Math Problem with the sum of squares in a big loop I have the following math problem (writen in code):
var sum: CGFloat = 0
var sum2: CGFloat = 0

for _ in 0 ..< 10000000 { // This is a loop and runs 10000000 times

  let x = CGFloat(Float(arc4random()) / Float(UINT32_MAX)) // Random between 0-1
  let y = CGFloat(Float(arc4random()) / Float(UINT32_MAX)) // Random between 0-1

  sum +=   abs(x-y) * abs(x-y) // abs() gives the absolute value
  sum2 +=  abs((x-y))

}

var averageSum1: CGFloat = sum/10000000 // to get the average value from sum
var averageSum2: CGFloat = sum2/10000000 // to get the average value from sum2

1) print("\(averageSum1)")  // = 0.166666.. = 1/6

2) print("\(averageSum2)") // = 0.333333.. = 1/3
3) print("\((averageSum2)*(averageSum2))") // = 0.11111.. = 1/9

For those who don't understand the code, we have \begin{align}\text{sum}&=\sum_{k=0}^{99999999}|x_k-y_k|^2\\
\text{sum2}&=\sum_{k=0}^{99999999}|x_k-y_k|\end{align}
Where $x_k$ and $y_k$ are random numbers in $[0,1]$
We calculate
\begin{align}\text{averageSum1}&=\frac{\text{sum}}{100000000}\\
\text{averageSum2}&=\frac{\text{sum2}}{100000000}\end{align}
We therefore have:


*

*$\text{averageSum1}=\frac 16$

*$\text{averageSum2}=\frac 13$

*$\text{averageSum2}^2=\frac 19$
My question is, why is the result of 1) $\frac 16$ and not $\frac 19$ like in 3).

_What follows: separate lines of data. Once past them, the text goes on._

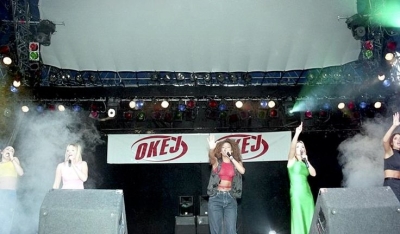 Top_of_the_Pops_Performance_1996_28829.jpg
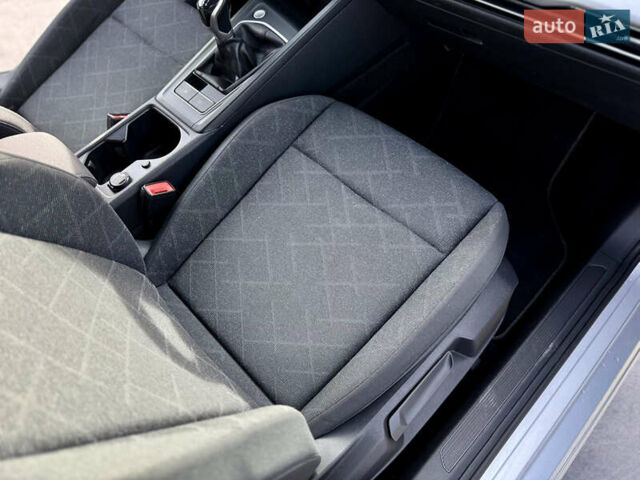 Сірий Фольксваген Гольф, об'ємом двигуна 1.97 л та пробігом 131 тис. км за 20999 $, фото 77 на Automoto.ua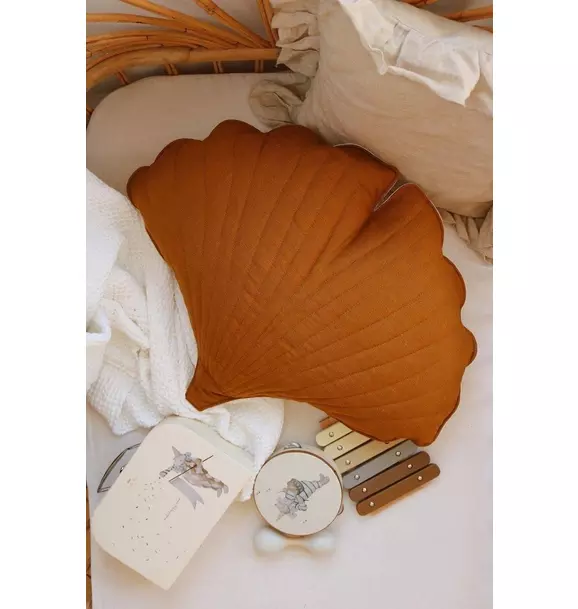 Linen “Caramel” Ginkgo Leaf Pillow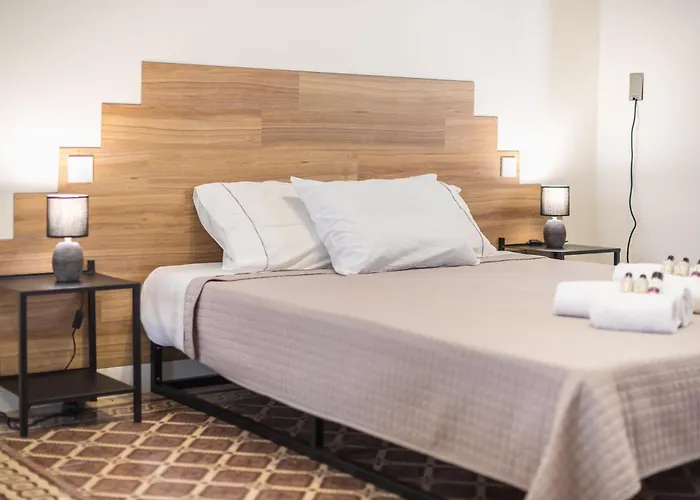 Artistic Home Gazi By Mdk Athens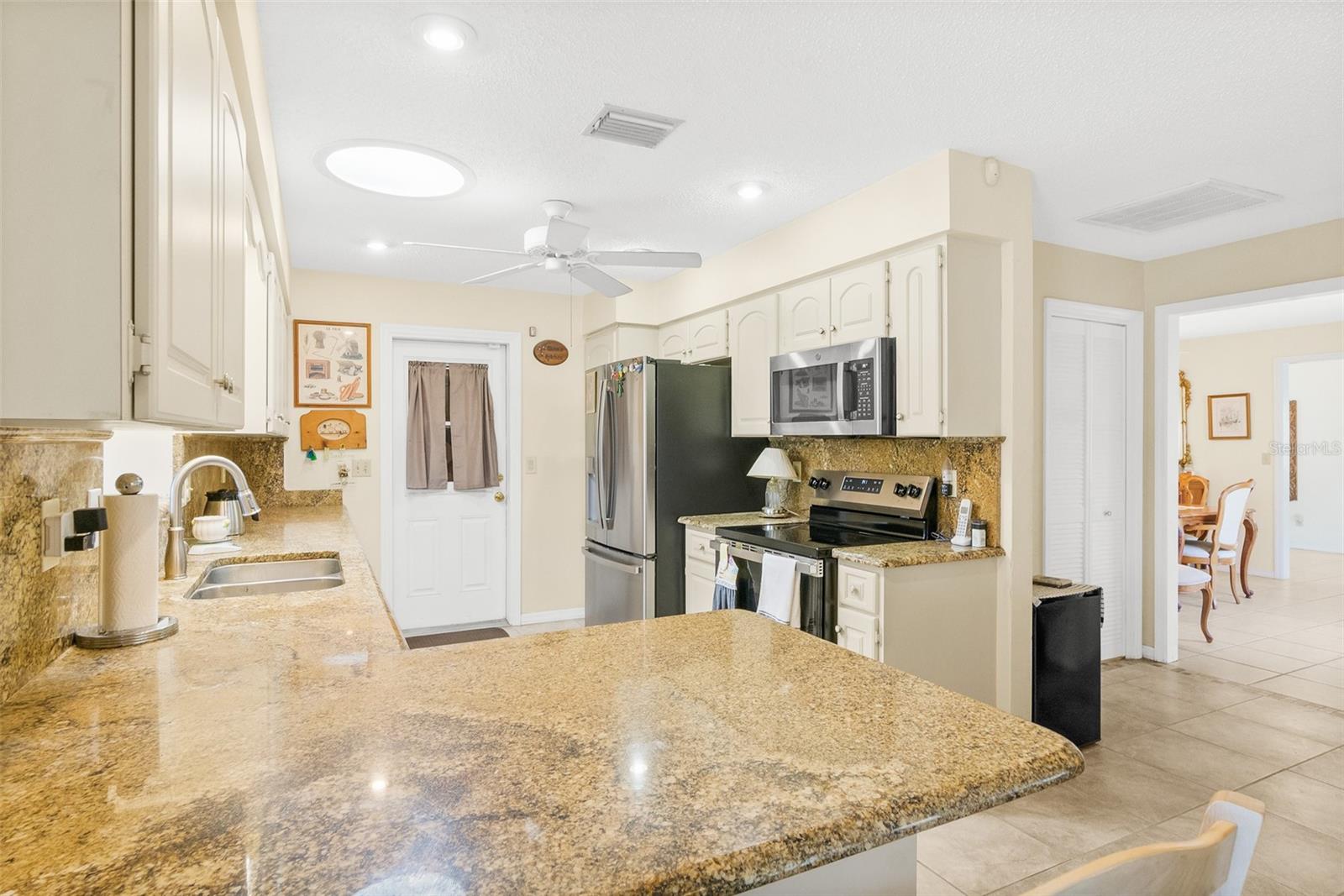 Image 35 of 50 For 6 Claridge Court N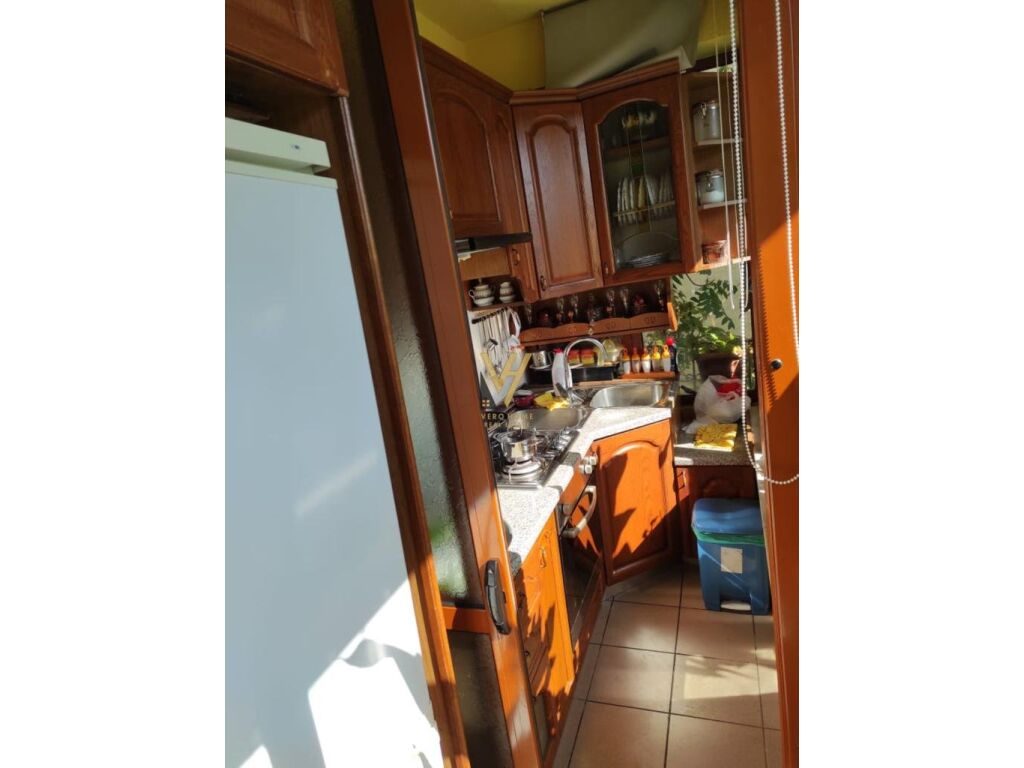 Jepet apartament 3+1+2 me qera te Blloku , prane Izzy Living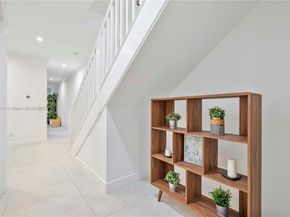 217 SW 11th St, Fort Lauderdale FL 33315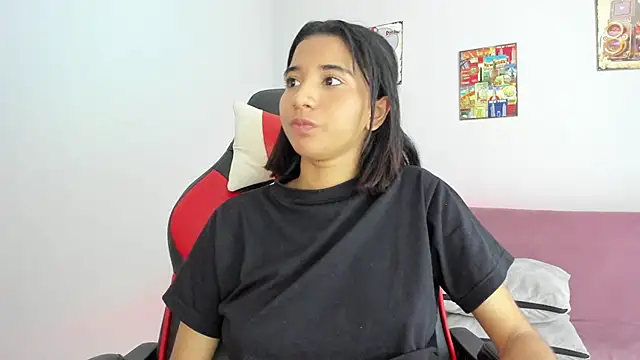 Emily_bruss live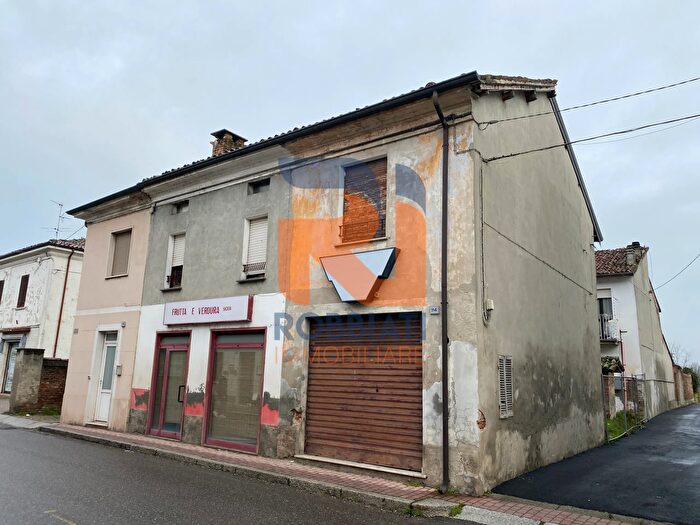 Casa con 5 locali in vendita in Via Depretis, Bressana Bottarone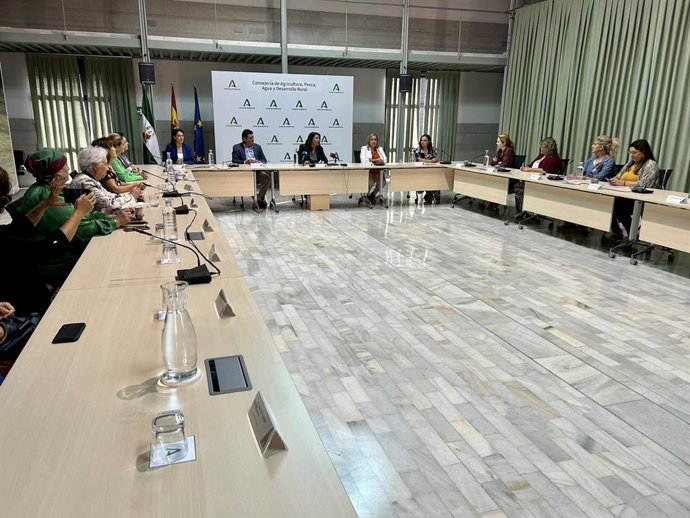 Crespo celebra en el Día Mundial de la Mujer Rural el mayor protagonismo femenino en el campo y la pesca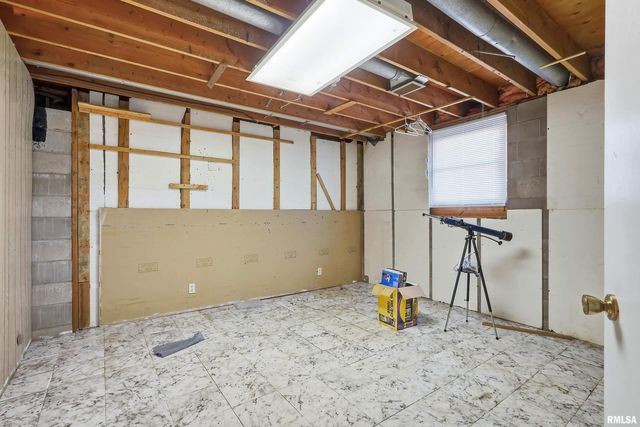 304 4TH Avenue, Colona, IL 61241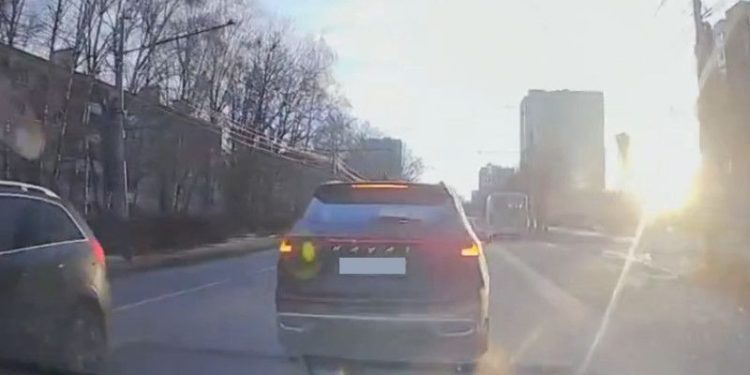 На Касимовском шоссе пожилой водитель едва не стал виновником ДТП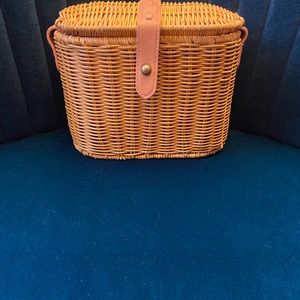 Basket cross body bag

I would think that $\frac 13 \times \frac 13 = \frac 19$. Even in a long loop? Has anyone an explanation for it? 
Thank you in advance!
 A: Consider if you just picked $0,1$ randomly, rather than a value in between. 
What would the average be of the difference? Half the time, the difference would be $1$ and half the time it would be zero, so the average would be $\frac{1}{2}$. 
But the average of the square of the difference will be the same, $\frac{1}{2}$, because $0^2=0$ and $1^2=1$.
Your continuous random variables are attempting to estimate:
$$\int_{0}^1\int_{0}^1 |x-y|\,dx\,dy$$
and:
$$\int_{0}^1\int_{0}^1 |x-y|^2\,dx\,dy$$
You can actually compute these with some elementary calculus to get the values $\frac{1}{3}$ and $\frac{1}{6}$.
A: $$\begin{align}\text{averageSum1}&=\Bbb E[|(X-Y)(X-Y)|]\\&=\Bbb E[X^2-2XY+Y^2]\\&=\Bbb E[X^2]-2\Bbb E[X]\Bbb E[Y]+\Bbb E[Y^2]
\\&=\frac13-2\cdot\frac12\cdot\frac12+\frac13\\&=\frac16\end{align}$$
$$\begin{align}\text{averageSum2}&=\Bbb E[|X-Y|]^2\\&=\left(\int_0^1\int_0^1|x-y|\,dx\,dy\right)^2\\
&=\left(\int_0^1\left(\int_0^yy-x\,dx+\int_y^1x-y\,dx\right)\,dy\right)^2\\
&=\left(\int_0^1y^2-y+\frac12\,dy\right)^2\\
&=\left(\frac13\right)^2\\&=\frac19
\end{align}$$
A: I think your question is: when $x$ and $y$ are chosen uniformly at random in $[0,1]$, why is the expected value of $|x-y|^2$ not equal to the square of the expected value of $|x-y|$?  In fact it's very generally the case that $\text{Var}[X]=E[X^2]-E[X]^2\ge 0$, with equality only when $X$ is almost surely equal to a single value.  In this case, you can directly calculate the two results:
$$
E[(x-y)^2]=\int_{0}^{1}dx\int_{0}^{1}dy(x-y)^2=-\frac{1}{3}\int_{0}^{1}dx(x-y)^3\vert_{y=0}^{1}=\frac{1}{3}\int_{0}^{1}(x^3-(x-1)^3)dx\\=\int_{0}^{1}\left(x^2-x+\frac{1}{3}\right)dx=\left(\frac{1}{3}x^3-\frac{1}{2}x^2+\frac{1}{3}x\right)\vert_{x=0}^{1}=\frac{1}{6},
$$
while
$$
E[|x-y|]=\int_{0}^{1}dx\int_{0}^{1}dy|x-y|=2\int_{0}^{1}dx\int_{0}^{x}dy(x-y)=-\int_{0}^{1}dx(x-y)^2\vert_{y=0}^{x}\\=\int_{0}^{1}x^2 dx=\frac{1}{3}x^3\vert_{x=0}^{1}=\frac{1}{3}.
$$
As a side effect, you've also computed the standard deviation of $|x-y|$, since this is
$$
\sigma[|x-y|]=\sqrt{\text{Var}[|x-y|]}=\sqrt{E[(x-y)^2]-E[|x-y|]^2}=\sqrt{\frac{1}{6}-\left(\frac{1}{3}\right)^2}=\sqrt{\frac{1}{18}}=\frac{\sqrt{2}}{6}.
$$